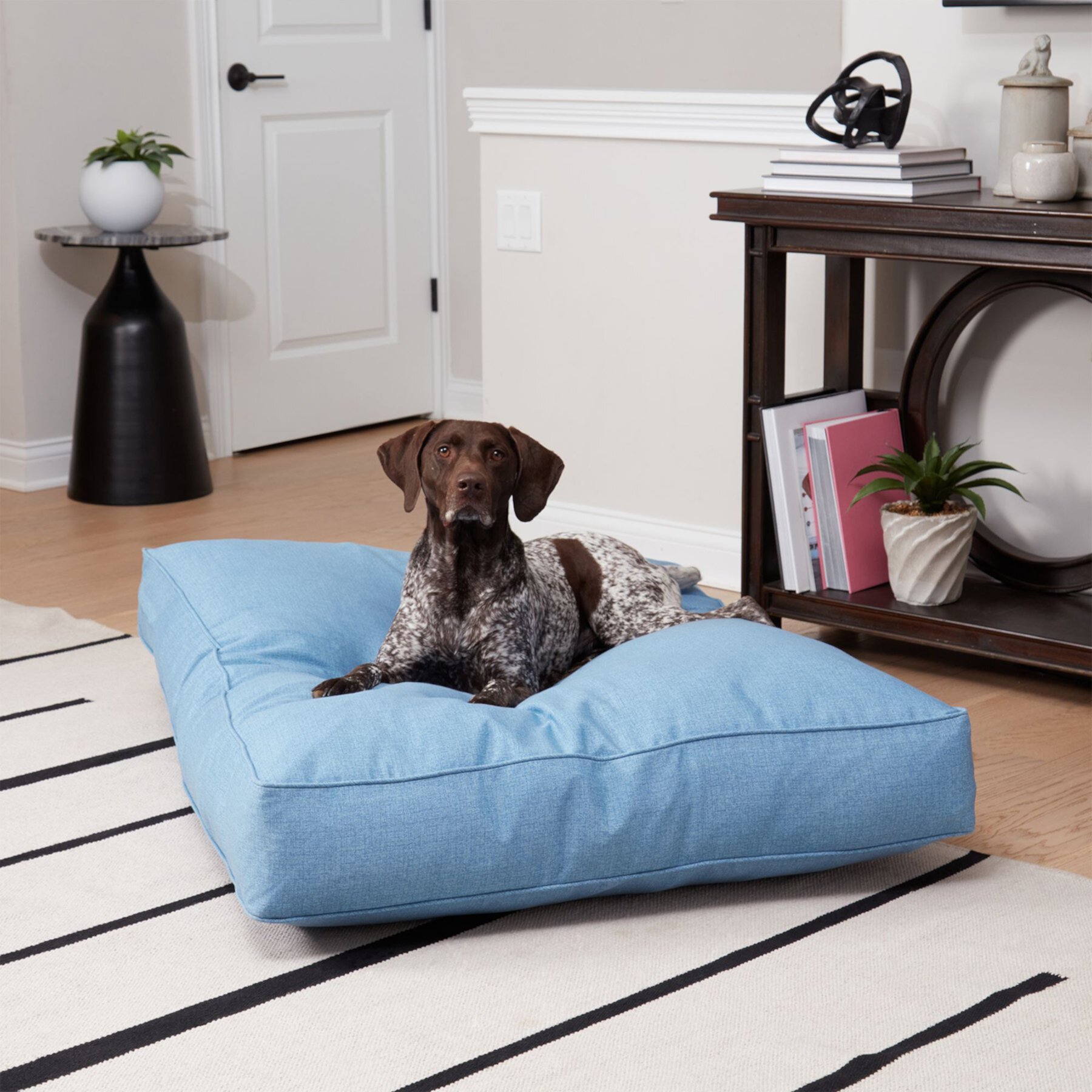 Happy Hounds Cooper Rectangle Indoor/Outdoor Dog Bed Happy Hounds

==

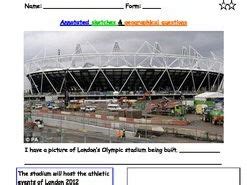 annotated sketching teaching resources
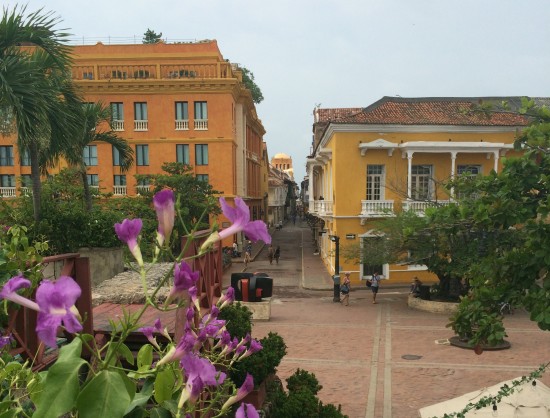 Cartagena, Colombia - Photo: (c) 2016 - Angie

## Assigned task
In the entries above, which lines run from the one with "annotated sketching teaching resources" up to and including the one with "Cartagena, Colombia - Photo: (c)"? Write them out exactly, without the pictures.

## Response box
 annotated sketching teaching resources
 Cartagena, Colombia - Photo: (c) 2016 - Angie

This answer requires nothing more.